Overview
- Type: Homebuild
- Manufacturer: Ginetta
- Assembly: Woodbridge Suffolk
- Designer: Ivor Walklett

Body and chassis
- Body style: Open-wheel car
- Layout: Front Engine, RWD
- Related: Wolseley Hornet six

Powertrain
- Transmission: 4-speed Manual

Dimensions
- Wheelbase: 90.5 in (2,299 mm)
- Kerb weight: 350 kg (772 lb)

Chronology
- Successor: Ginetta G2

= Ginetta G1 =

Ginetta G1 was a name applied retroactively to the Walklett brothers first effort, a homebuilt roadster based on the underpinnings of a pre-war Wolseley Hornet before Ginetta Cars was founded.
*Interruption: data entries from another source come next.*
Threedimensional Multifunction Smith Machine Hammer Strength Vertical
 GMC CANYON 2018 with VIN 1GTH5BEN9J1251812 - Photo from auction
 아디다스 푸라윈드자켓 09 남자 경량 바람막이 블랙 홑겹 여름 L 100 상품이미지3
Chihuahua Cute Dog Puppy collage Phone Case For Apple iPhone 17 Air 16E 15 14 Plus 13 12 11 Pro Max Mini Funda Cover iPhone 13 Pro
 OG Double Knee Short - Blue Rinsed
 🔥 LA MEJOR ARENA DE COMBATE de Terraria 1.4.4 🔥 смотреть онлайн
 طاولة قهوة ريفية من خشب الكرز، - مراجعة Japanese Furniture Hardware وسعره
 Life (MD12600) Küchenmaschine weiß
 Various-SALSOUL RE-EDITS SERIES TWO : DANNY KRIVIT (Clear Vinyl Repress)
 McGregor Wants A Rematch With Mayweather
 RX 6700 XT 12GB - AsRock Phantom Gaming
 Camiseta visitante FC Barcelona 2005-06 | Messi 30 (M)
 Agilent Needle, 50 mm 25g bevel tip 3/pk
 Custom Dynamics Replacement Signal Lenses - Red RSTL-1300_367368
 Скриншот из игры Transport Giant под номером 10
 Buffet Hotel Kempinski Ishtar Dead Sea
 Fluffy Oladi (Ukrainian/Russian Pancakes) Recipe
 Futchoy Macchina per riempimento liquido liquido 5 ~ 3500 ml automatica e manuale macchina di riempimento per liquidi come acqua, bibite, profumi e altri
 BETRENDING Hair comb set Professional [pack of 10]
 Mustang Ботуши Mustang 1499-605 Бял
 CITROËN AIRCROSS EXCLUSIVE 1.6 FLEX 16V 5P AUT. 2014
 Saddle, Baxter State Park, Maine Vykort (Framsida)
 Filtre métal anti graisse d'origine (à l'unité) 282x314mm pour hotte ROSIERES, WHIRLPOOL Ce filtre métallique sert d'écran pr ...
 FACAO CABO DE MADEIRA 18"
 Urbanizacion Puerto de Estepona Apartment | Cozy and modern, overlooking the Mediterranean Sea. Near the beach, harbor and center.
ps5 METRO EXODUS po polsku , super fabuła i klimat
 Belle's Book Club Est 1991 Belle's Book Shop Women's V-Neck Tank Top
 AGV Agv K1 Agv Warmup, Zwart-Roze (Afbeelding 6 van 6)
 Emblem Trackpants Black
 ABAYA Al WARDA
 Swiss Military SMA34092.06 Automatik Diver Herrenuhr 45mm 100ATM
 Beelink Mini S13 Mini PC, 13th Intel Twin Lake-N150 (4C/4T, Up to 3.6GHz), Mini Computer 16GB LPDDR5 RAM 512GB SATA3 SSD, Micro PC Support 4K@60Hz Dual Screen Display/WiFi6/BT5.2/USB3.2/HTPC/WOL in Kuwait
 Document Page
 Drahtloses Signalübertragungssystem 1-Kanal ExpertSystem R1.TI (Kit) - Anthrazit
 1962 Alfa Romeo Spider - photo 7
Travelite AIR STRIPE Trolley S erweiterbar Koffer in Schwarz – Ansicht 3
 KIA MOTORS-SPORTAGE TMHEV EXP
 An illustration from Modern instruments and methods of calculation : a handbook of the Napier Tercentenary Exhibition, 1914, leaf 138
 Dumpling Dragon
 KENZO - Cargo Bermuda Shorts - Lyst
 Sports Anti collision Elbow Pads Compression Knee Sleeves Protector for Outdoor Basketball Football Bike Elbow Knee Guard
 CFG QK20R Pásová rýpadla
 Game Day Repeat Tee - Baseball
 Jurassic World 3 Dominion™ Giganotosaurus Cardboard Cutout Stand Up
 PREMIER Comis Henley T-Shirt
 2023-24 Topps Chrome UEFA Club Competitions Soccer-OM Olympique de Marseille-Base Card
As the Walkletts developed the Ginetta G2, they decided to start the numbering from their first build even though the car was no longer in existence. The only known documentation is a hand sketch drawn by Ivor Walklett.

== History ==
The G1 was a one off, not destined for production, based on a pre-war Wolseley Hornet six. The G1 was eventually wrecked by Ivor in the Walklett's driveway in Suffolk, destroyed in a crash against a tree stump. The car was styled after the Maserati 4CLT. The new body kit cut down on the weight of the Hornet considerably and was described as "great fun".